── The data ──

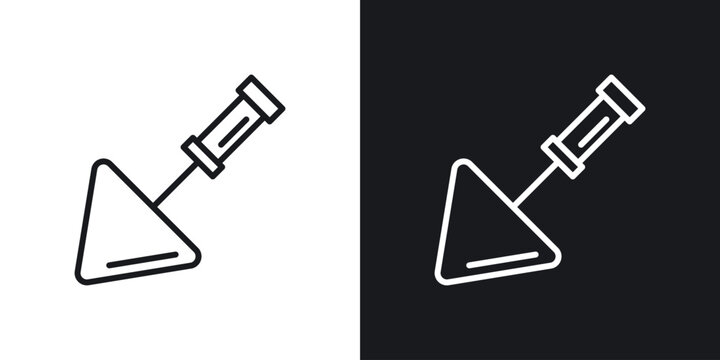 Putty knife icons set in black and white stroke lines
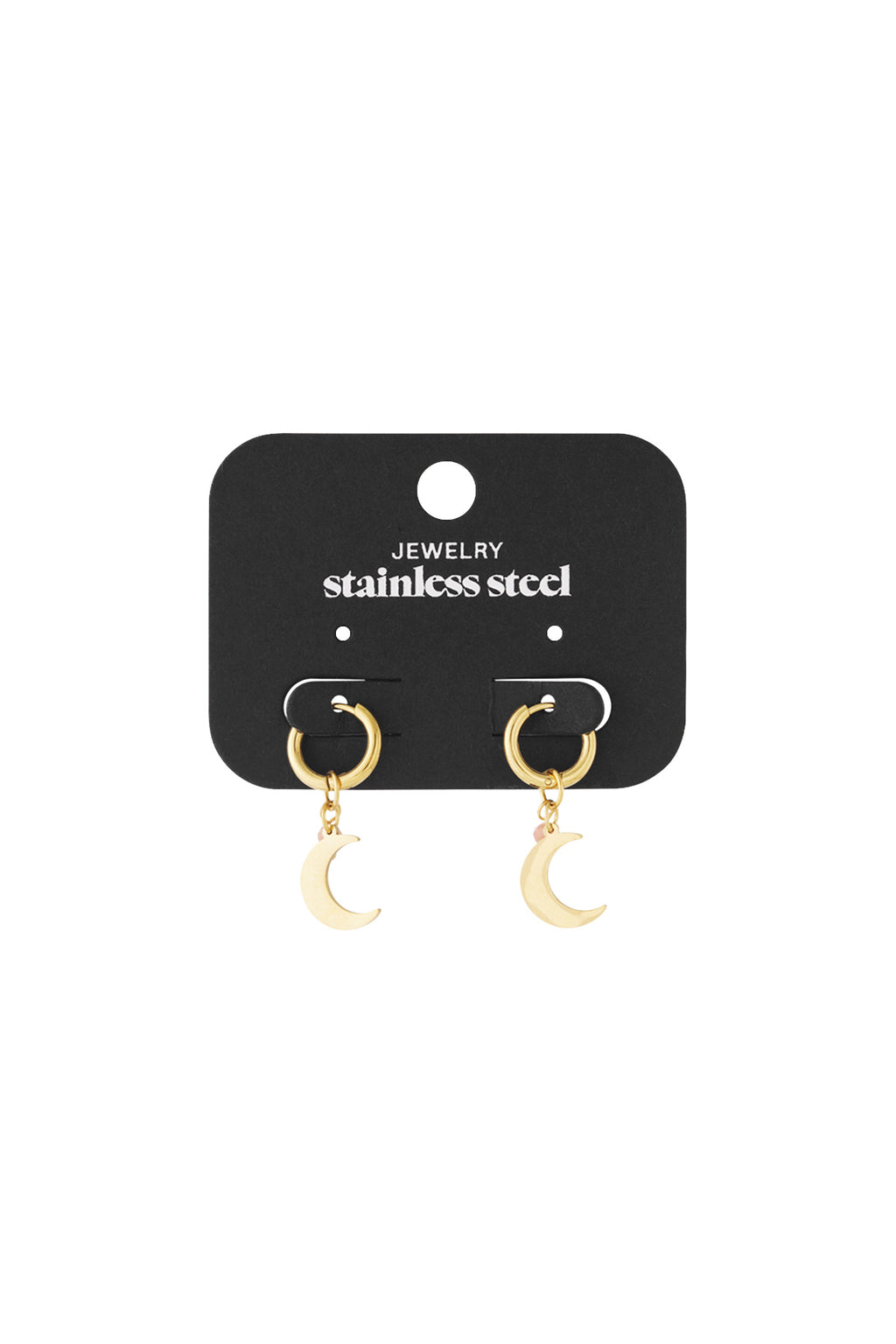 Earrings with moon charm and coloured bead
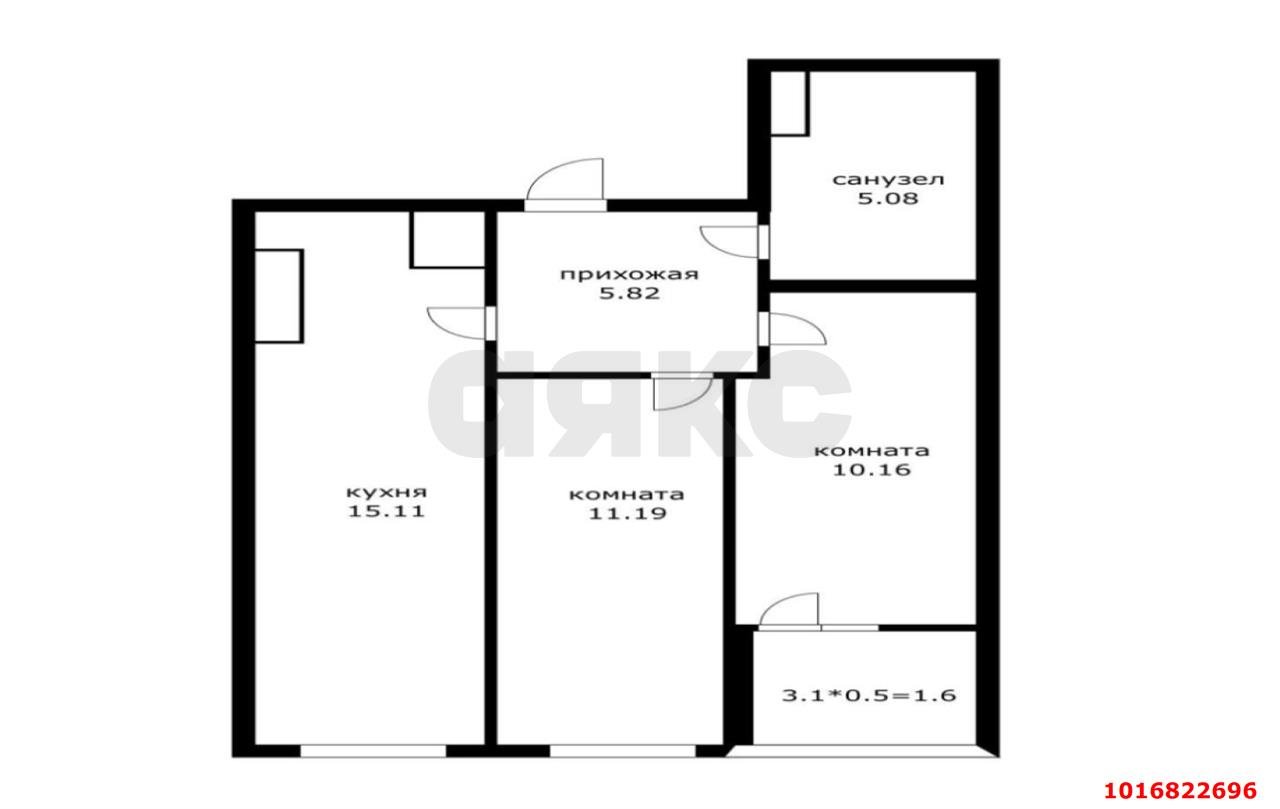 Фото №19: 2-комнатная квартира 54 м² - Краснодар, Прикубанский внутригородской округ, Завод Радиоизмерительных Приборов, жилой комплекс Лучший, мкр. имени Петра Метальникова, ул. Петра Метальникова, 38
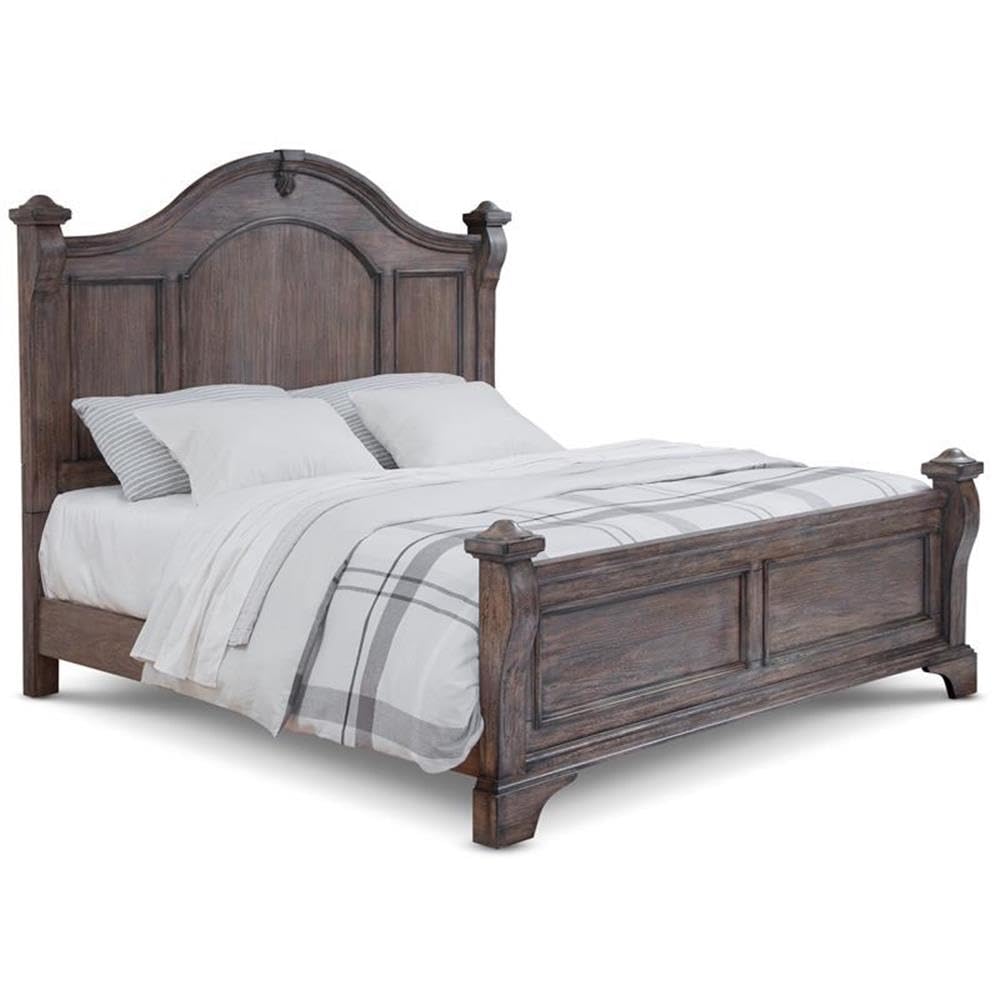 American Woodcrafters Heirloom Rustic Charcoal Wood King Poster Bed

───

[What to produce]
Exactly repeat only the lines from the one with "Earrings with moon charm and coloured bead" to the closing line above, both included, and omit every picture.

[Output below]
 Earrings with moon charm and coloured bead
 Фото №19: 2-комнатная квартира 54 м² - Краснодар, Прикубанский внутригородской округ, Завод Радиоизмерительных Приборов, жилой комплекс Лучший, мкр. имени Петра Метальникова, ул. Петра Метальникова, 38
 American Woodcrafters Heirloom Rustic Charcoal Wood King Poster Bed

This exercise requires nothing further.